Required action: Exact copies of the lines from the one holding "Microphone with digital screen behind." through the last line of the entries below are to be printed, with pictures omitted.

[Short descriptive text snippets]
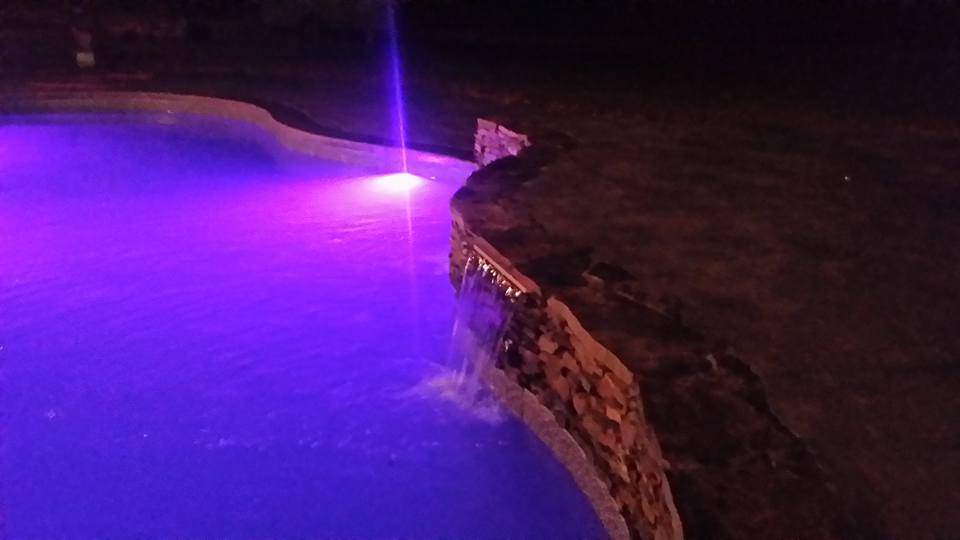 A swimming pool with purple lights on it at night.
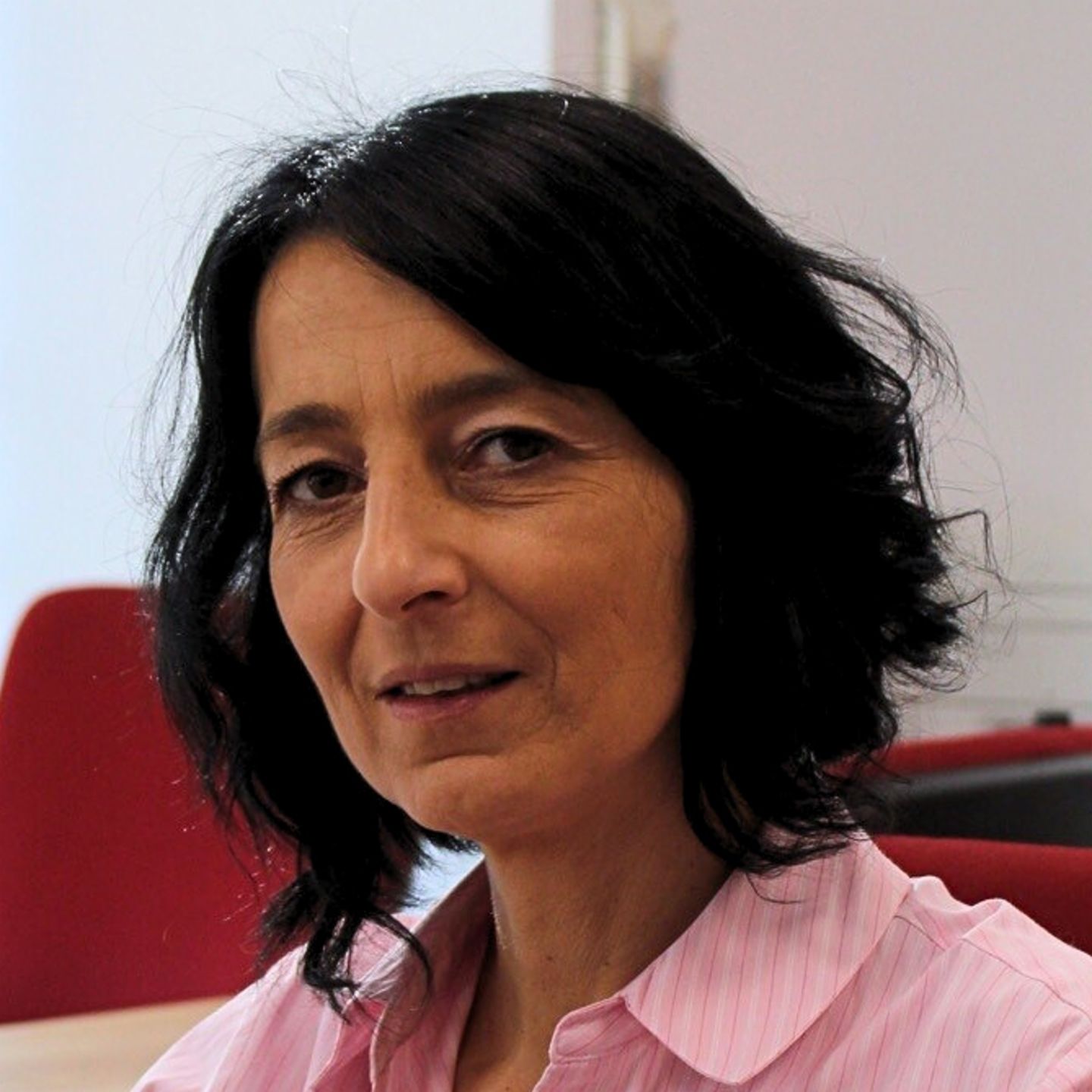 Η Cristina Pasere, Manager of Compliance Operations Support στην EOS Romania, κάθεται στο γραφείο της με μια ροζ ριγέ μπλούζα και κοιτάζει την κάμερα.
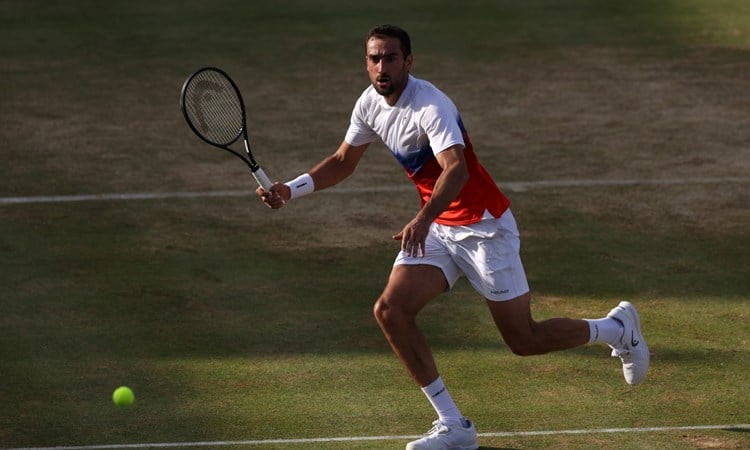 A man runs to hit a tennis ball on a grass tennis court. He is holding a tennis racket in his right hand, and is wearing white shoes, white shorts, and a t-shirt with a white top half and red bottom half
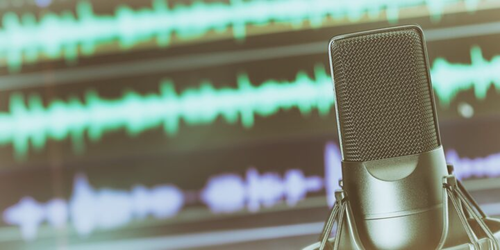 Microphone with digital screen behind.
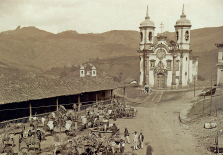 Imagem: Fotografia em preto e branco. Vista de igreja com torres laterais e faixada larga com cruz ao topo, sobre campo aberto de terra. À frente da igreja, um mercado aberto baixo com charretes e cavalos. Há pessoas na estrada de terra. Fim da imagem.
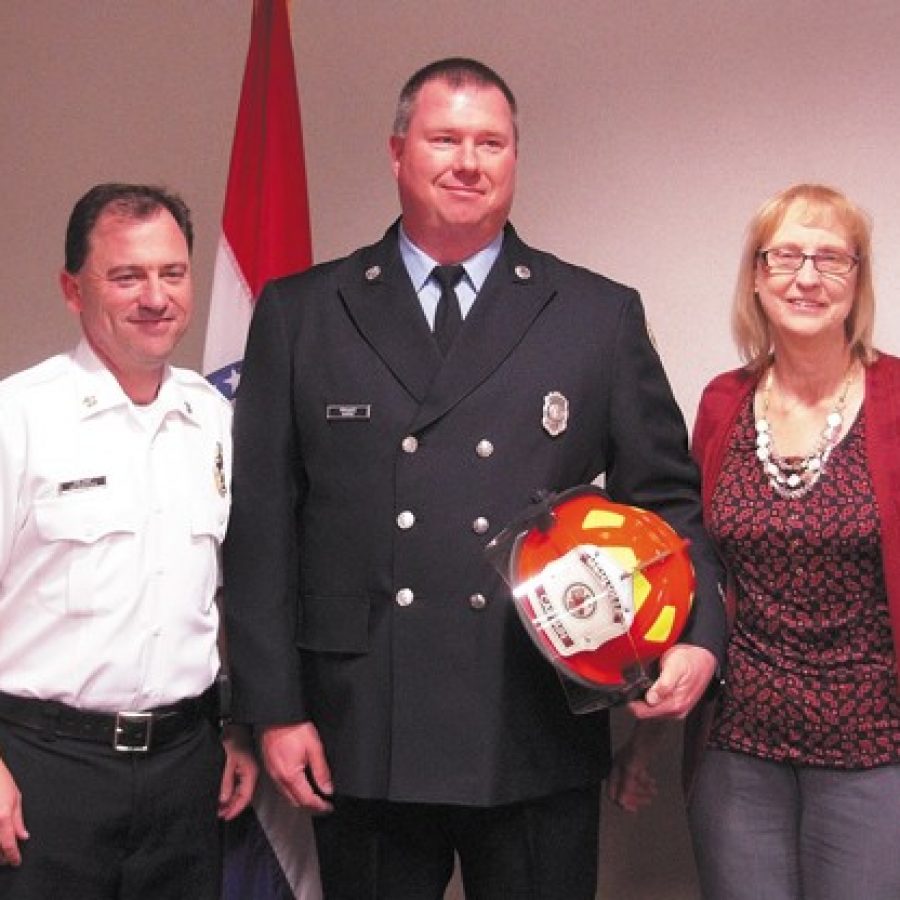Ed Glatzel Jr., center, is pictured with Mehlville Fire Protection District Chief Brian Hendricks and Board of Directors Treasurer Bonnie Stegman.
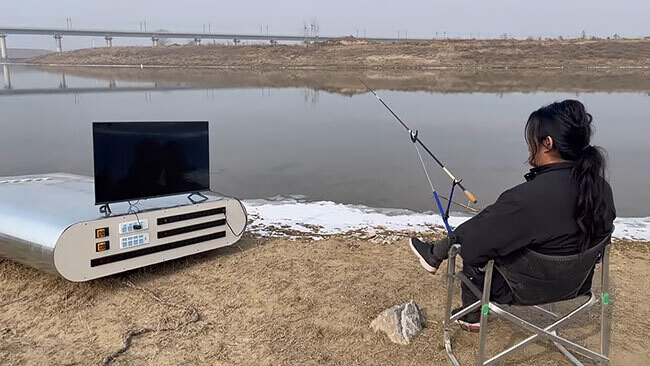 Viendo la televisión en la playa, cargando en el banco de energía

Answer section:
 Microphone with digital screen behind.
 Imagem: Fotografia em preto e branco. Vista de igreja com torres laterais e faixada larga com cruz ao topo, sobre campo aberto de terra. À frente da igreja, um mercado aberto baixo com charretes e cavalos. Há pessoas na estrada de terra. Fim da imagem.
Ed Glatzel Jr., center, is pictured with Mehlville Fire Protection District Chief Brian Hendricks and Board of Directors Treasurer Bonnie Stegman.
 Viendo la televisión en la playa, cargando en el banco de energía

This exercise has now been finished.